I understand what you and the GSG are saying.  I just disagree with it.

In C, everything is a pointer.  I could just write all of my code to not
use references at all and instead use 'T*' and 'const T*'.  You now
still have no idea when you read 'foo(&bar, &baz)'.

In C++ there is always const_cast, so even if something is passed by
const it _could_ be manipulated.  (Not to say this is good practice in
any way.  See ES.50).

It is a matter of public record[3] that I have reviewed on roughly
50-100kLOC a year for the last 5 years and I still don't buy into this
reviewer argument.  If someone is calling an API and I don't know what
that API is doing, I don't give them a +1 no matter how "obvious" it may
seem.

The rough summary of my viewpoint is:
    1) This syntax simply lulls you into a false sense of security as
       the reviewer.
    2) This syntax greatly diminishes aspects of modern C++ practices.
    3) This syntax is not recommended anywhere outside of Google.

> I do not see it standing in the way of FP at all, in FP you are
> usually dealing with immutable data types which you should use as much as
> possible i.e. const references, in the case that is expensive you have
> r-value references and pointers. 

FP style does not always mean immutable.  A toy example:

    vector<int> stuff = ...;
    auto times2 = [](auto& x) { x *= 2; }
    for_each(stuff, times2);

> Although, the CCG does say it is allowed,
> it admits that non-const references can lead to bugs see the note under
> F.17.

It is a pretty weak argument for you to use a sectioned titled "For
'in-out' parameters, pass by reference to non-const" as evidence.

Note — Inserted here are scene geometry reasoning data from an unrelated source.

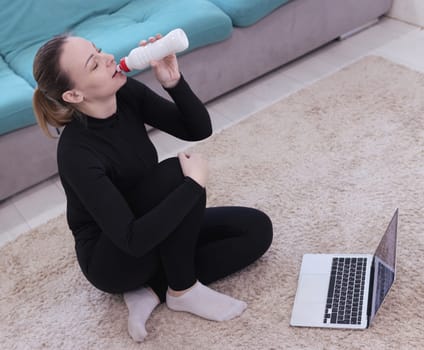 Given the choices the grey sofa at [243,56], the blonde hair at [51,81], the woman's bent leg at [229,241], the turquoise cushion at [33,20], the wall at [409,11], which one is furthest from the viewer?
the wall at [409,11]

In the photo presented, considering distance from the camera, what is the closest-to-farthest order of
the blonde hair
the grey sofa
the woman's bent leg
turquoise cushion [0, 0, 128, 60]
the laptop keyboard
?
the blonde hair
the laptop keyboard
the woman's bent leg
the grey sofa
turquoise cushion [0, 0, 128, 60]

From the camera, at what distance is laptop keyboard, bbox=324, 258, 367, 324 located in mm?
1427

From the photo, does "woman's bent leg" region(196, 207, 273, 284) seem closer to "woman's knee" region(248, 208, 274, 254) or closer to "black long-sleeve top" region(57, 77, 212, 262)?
"woman's knee" region(248, 208, 274, 254)

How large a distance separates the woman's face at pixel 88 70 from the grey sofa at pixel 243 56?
30.4 inches

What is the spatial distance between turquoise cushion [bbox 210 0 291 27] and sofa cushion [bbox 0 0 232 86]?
2.0 inches

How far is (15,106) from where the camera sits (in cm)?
184

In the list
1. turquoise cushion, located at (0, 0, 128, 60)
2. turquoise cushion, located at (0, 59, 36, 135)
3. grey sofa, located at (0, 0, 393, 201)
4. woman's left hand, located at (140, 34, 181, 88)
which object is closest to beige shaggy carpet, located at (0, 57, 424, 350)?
grey sofa, located at (0, 0, 393, 201)

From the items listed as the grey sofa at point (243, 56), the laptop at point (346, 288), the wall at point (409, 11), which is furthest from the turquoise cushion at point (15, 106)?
the wall at point (409, 11)

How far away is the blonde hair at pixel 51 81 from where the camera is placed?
1199mm

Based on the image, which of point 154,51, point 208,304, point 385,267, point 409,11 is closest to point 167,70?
point 154,51

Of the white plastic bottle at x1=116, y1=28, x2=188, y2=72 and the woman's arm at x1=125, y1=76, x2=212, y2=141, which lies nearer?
the white plastic bottle at x1=116, y1=28, x2=188, y2=72

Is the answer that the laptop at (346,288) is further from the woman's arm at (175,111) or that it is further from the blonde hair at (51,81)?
the blonde hair at (51,81)

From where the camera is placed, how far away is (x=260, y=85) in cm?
247

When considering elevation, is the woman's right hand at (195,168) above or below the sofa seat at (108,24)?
above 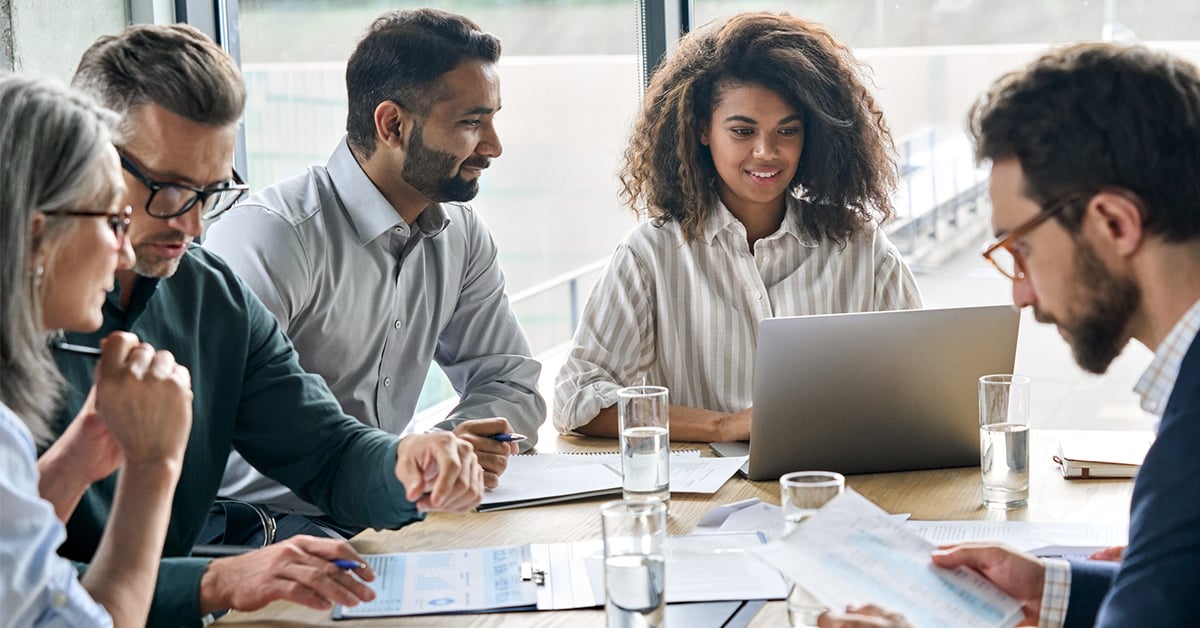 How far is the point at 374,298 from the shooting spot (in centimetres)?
242

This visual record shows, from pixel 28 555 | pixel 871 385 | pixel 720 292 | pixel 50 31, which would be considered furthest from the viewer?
pixel 720 292

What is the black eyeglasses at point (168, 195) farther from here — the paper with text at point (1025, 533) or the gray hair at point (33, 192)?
the paper with text at point (1025, 533)

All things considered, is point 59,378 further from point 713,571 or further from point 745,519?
point 745,519

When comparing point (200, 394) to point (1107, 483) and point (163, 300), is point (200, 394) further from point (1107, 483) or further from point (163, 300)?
point (1107, 483)

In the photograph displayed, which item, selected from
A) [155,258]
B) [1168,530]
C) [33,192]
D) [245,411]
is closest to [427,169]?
[245,411]

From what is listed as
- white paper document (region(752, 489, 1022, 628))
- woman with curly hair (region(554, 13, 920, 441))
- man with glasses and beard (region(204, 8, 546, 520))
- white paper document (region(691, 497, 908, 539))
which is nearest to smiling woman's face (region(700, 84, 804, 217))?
woman with curly hair (region(554, 13, 920, 441))

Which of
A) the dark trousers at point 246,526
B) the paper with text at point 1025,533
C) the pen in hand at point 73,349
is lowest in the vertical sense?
the dark trousers at point 246,526

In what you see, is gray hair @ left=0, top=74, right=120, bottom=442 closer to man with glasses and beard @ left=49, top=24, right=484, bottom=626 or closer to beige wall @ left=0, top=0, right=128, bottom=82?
man with glasses and beard @ left=49, top=24, right=484, bottom=626

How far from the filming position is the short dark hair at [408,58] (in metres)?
2.48

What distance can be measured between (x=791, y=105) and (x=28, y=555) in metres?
1.91

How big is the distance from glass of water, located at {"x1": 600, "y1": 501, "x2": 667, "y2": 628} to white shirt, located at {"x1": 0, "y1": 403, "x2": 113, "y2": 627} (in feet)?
1.64

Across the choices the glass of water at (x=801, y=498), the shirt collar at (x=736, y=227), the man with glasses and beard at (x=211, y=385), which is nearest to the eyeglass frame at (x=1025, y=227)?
the glass of water at (x=801, y=498)

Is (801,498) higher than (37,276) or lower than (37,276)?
lower

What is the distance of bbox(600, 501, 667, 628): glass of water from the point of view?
1279 millimetres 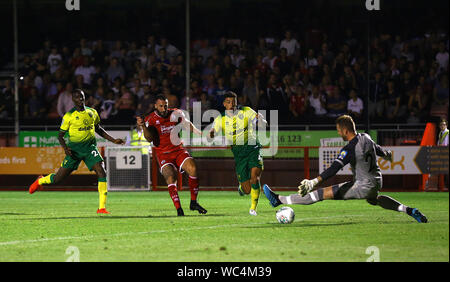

The "error" they are talking about is a reassertion of F.16: "For 'in'
parameters, pass ... by reference to const".  Non-const implies it could
be changed.

> 
> A very common recommendation in "Exceptional Modern C++" is to define a
> > function like:
> >     template <typename T> foo(T&&)
> > This function operates on both l-value and r-value references
> > ("universal references" as Meyers calls them).
> 
> 
> I think I am missing something here. l-value and r-value references are two
> different things and are treated differently by the compiler. I tried the
> following:
> 
> int add(int&& l, int&& r) {
>   return l + r;
> }
> 
> int main() {
>   int l = 1;
>   int r = 2;
>   std::cout << "add(1, 2) = " << add(l, r) << std::endl;
>   return 0;
> }
> 
> and got the following compile error:
> 
> test.cc:10:42: error: cannot bind ‘int’ lvalue to ‘int&&’
>    std::cout << "add(1, 2) = " << add(l, r) << std::endl;
> 
> which is precisely what I expected to happen. I think I am missing part of
> your example.

What I wrote and what you tested are two entirely different things.  I
wrote a template; you tested a non-template.  Templates and autos fall
under type-deduction rules.  Read up on those and reference collapsing.

foo(10) => foo(int&&)
foo(x) => foo(int& &&) => foo(int&)

> 
> Re: Exceptions
> --------------------
> 
> > This was the "old way" in C++ and the standards body specifically
> > deprecated what you are suggesting.  I'm sure you could read their
> > rationale.
> 
> 
> Sure, I would be happy to. I tried googling around and the only recent
> update I could find relating to how the compiler treats exceptions was the
> addition of noexcept. Could you share this?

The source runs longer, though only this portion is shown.